Based on these two values of the sum of squared residuals, which of these two models do you think is “better”, and hence which would you select?
model_price_2 that uses log10_size and bedrooms?model_price_4 that uses log10_size and waterfront?Since model_price_4’s value was 599, select this one. Given the choice of just these two models, the evidence suggests using size and waterfront yield a better fit, so you should choose this one!
Now that you’ve reviewed the sum of squared residuals with an eye towards model assessment and selection, let’s learn about another measure of a model’s fit: the widely known R-squared.
\[ R^2 = 1 - \frac{\text{Var(residuals)}}{\text{Var}(y)} \] R-squared is another numerical summary of how well a model fits points. It is 1 minus the variance of the residuals over the variance of the outcome variable. If you’ve never heard of a variance, it’s another measure of variability/spread and its the standard deviation squared. Instead of focusing on the formula however, let’s first focus on the intuition: While the sum of squared residuals is unbounded, meaning there is no theoretical upper limit to its value, R-squared is standardized to be between 0 and 1. Unlike the sum of squared residuals where smaller values indicate better fit, larger values of R-squared indicate better fit. So 1 indicates perfect fit, and 0 indicates perfect lack of fit, in other words no relationship between the outcome and explanatory/predictor variables. Let’s explore these ideas visually.
Let’s revisit basic regression with one numerical variable and consider a set of points with a perfectly linear relationship. In other words, the points fall perfectly on a line. Recall residuals are the vertical distances between the observed values, here the black points, and the corresponding fitted/predicted values on the blue regression line. Here, the residuals are all invariably 0. Thus the variance, or variation, of the residuals is 0, and thus \(R^2\) is equal to \(1-0\), which is 1.
Now the points don’t fit tightly on a line, but rather exhibit a large amount of scatter. Unlike the previous example, there are now varying residuals, thus the numerator is greater than zero, so R-squared will be smaller. Note that it is a mathematical fact that the variance of y is greater than or equal to the variance of the residuals, guaranteeing that R-squared is between 0 and 1.
Using this fact, the numerical interpretation of R-squared is as follows: it is the proportion of the total variation in the outcome variable y that the model explains. Our models attempt to explain the variation in house prices. For example, what makes certain houses expensive and others not? The question is, how much of this variation can our models explain? If it’s 100%, then our model explains everything! If its 0%, then our model has no explanatory power.
Let’s compute the R-squared statistic for both models we saw in the last Chapter.
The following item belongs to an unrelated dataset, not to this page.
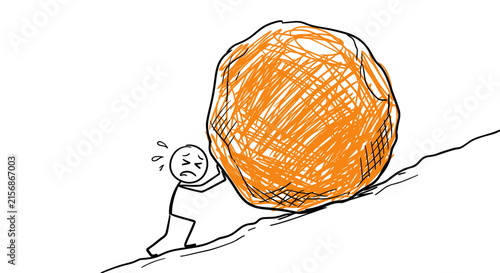 Картината върху платно Hand drawn minimalist line art illustration of a stick figure character pushing a large orange scribbled boulder up a steep slope, conceptual image for perseverance, struggle, and hard work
# Model 1: price as a function of size and year built
get_regression_points(model_price_1) %>%
summarise(r_squared = 1 - var(residual)/var(log10_price)) %>%
kable(digits = 2,
align = "l",
caption = "R-Squared Value for Model 1")
| r_squared |
|---|
| 0.48 |
In both cases, the outcome variable \(y\) is the observed log10_price. For Model 1, which used log10_size and yr_built, the \(R^2\) is 0.483 or 48.3%. So you can explain about half the total variation in house prices using Model 1.
# Model 3: price as a function of size and condition
get_regression_points(model_price_3) %>%
summarise(r_squared = 1 - var(residual)/var(log10_price)) %>%
kable(digits = 2,
align = "l",
caption = "R-Squared Value for Model 3")
| r_squared |
|---|
| 0.46 |
For Model 3, which used condition instead of yr_built, the \(R^2\) is 0.462 or 46.2%. Now a lower proportion of the total variation in house prices is explained by Model 3. Since R-squared values closer to 1 mean better fit, the results suggest you choose Model 1, and thus using size and year is preferred to using size and condition. This is the same conclusion reached as when you used sum of squared residuals as the assessment criteria. Note however, sometimes there are no models that yield R-squared values close to 1. Sometimes the phenomenon you are modeling is so complex, no choice of variables will capture its behavior, and thus you only get low R-squared values.
Let’s compute the \(R^2\) summary value for the two numerical explanatory/predictor variable model you fit in the Chapter 3, price as a function of size and the number of bedrooms.
Compute \(R^2\) by summarizing the residual and log10_price columns.
# Get fitted/values & residuals, compute R^2 using residuals
get_regression_points(model_price_2) %>%
summarise(r_squared = 1 - var(residual)/var(log10_price)) %>%
kable(digits = 2,
align = "l",
caption = "R-Squared Value for Model 2")
| r_squared |
|---|
| 0.46 |
You observed an R-squared value of 0.465, which means that 46.5% of the total variability of the outcome variable log base 10 price can be explained by this model.
Let’s now compute \(R^2\) for the one numerical and one categorical explanatory/predictor variable model you fit in the Chapter 3, price as a function of size and whether the house had a view of the waterfront, and compare its \(R^2\) with the one you just computed.
# Get fitted/values & residuals, compute R^2 using residuals
get_regression_points(model_price_4) %>%
summarise(r_squared = 1 - var(residual) / var(log10_price)) %>%
kable(digits = 2,
align = "l",
caption = "R-Squared Value for Model 4")
| r_squared |
|---|
| 0.47 |
Since model_price_4 had a higher \(R^2\) of 0.470, it “fit” the data better. Since using waterfront explained a higher proportion of the total variance of the outcome variable than using the number of bedrooms, using waterfront in our model is preferred.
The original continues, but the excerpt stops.